EXERCISE PROMPT — All that is wanted is the exact text of the lines below from the one with "Disney Magazine Winter" through the one with "A hotel room", inclusive, minus any pictures.
(Beginning of MATERIAL FOR THIS TASK)
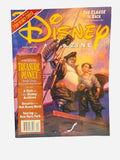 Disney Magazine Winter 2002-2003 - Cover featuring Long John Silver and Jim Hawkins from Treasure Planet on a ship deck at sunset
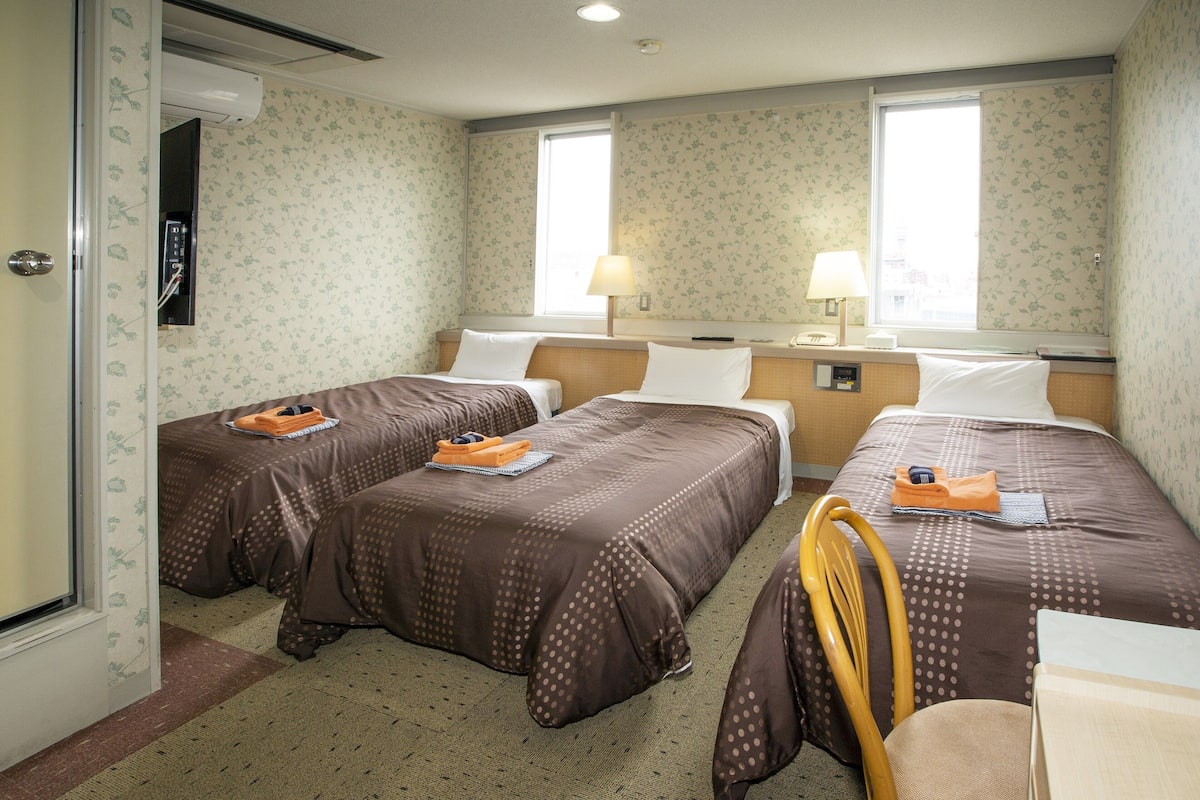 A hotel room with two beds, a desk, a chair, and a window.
(End of MATERIAL FOR THIS TASK)
(Beginning of MATERIAL FOR THIS TASK)
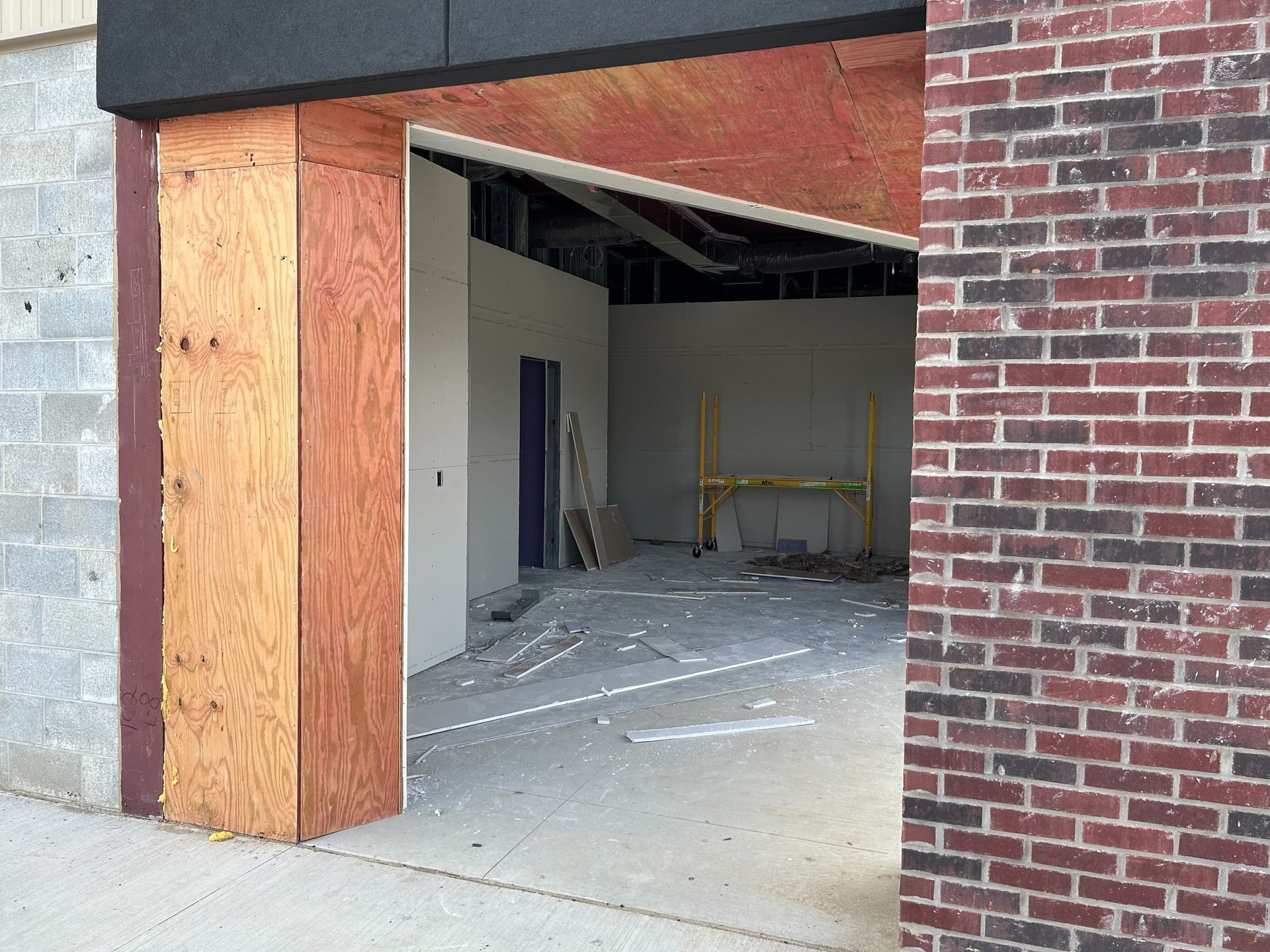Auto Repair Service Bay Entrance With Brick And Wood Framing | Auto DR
(End of MATERIAL FOR THIS TASK)
(Beginning of MATERIAL FOR THIS TASK)
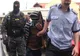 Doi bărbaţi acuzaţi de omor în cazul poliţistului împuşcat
(End of MATERIAL FOR THIS TASK)
FINISHED TASK —
 Disney Magazine Winter 2002-2003 - Cover featuring Long John Silver and Jim Hawkins from Treasure Planet on a ship deck at sunset
 A hotel room with two beds, a desk, a chair, and a window.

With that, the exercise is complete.